The building was eventually stabilized, allowing Orazem’s door to function as a door. But as game-changing renovations to that building ramp up, Orazem is among several longtime faculty members and staff with building stories – good and bad – to tell.
“I enjoyed seeing my colleagues in the old building. Most of us had an open-door policy, and I would offer coffee to them,” added Orazem, whose office was temporarily moved to a more crowded space in Rhines Hall during the renovation. “I didn’t realize how much that meant to me until I moved to Rhines Hall.”
Richard Dickinson, Ph.D., longtime professor and incoming interim department chair who previously served as chair from 2009 to 2017, recalls the building’s large freight elevator that provided passengers a view of the walls between floors as creaked up and down.

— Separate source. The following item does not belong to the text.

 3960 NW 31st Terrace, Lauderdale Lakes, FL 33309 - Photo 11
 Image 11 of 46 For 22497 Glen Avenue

“Students from various graduation classes climbed on top of the elevator car to create graffiti honoring their class,” he said. “I believe spirited class graffiti from the ’90s exists there to this day.”

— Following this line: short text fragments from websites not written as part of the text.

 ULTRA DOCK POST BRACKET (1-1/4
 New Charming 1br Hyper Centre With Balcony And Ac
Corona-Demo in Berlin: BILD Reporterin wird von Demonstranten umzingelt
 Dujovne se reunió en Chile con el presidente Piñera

When he was department chair, Dickinson said an “awkward perk” was the private bathroom attached to his office.
“It was rarely used,” he said, “because (a) I hated the idea of the housekeeping staff cleaning up after the sole user (me), and (b) the thin walls would inform the office staff on the other side whenever I would use it.”
Longtime faculty members also cited a cavern beneath the building, which turned into an off-the-radar hang-out for students.
Chemical Engineering became its own department in 1916. Courses in chemical engineering began in 1905 as part of the Department of Chemistry and were taught by chemistry professors in Leigh Hall until 1939, when they moved to the now-demolished Benton Hall until 1950.
During World War II, the ROTC erected a Quonset hut airplane hangar for military training, near the current Stephen C. O’Connell Center. But when a new building was built for their operations in 1950, the hangar was acquired to expand engineering operations.
Shirley Kelly, the graduate academic advisor who has been with the department for 58 years, experienced working in the hangar firsthand. She remembered the 21,350-square-foot metal building was either “too hot or too cold or too leaky or too stinky.”
But it was home for over 20 years and was fertile ground for groundbreaking research.
In 1969, the current 51,000-square-foot facility was built; a brick and concrete department hub for 56 years. The renovation is expected to take about three years, and the building is expected to serve the department well for at least another 50 years.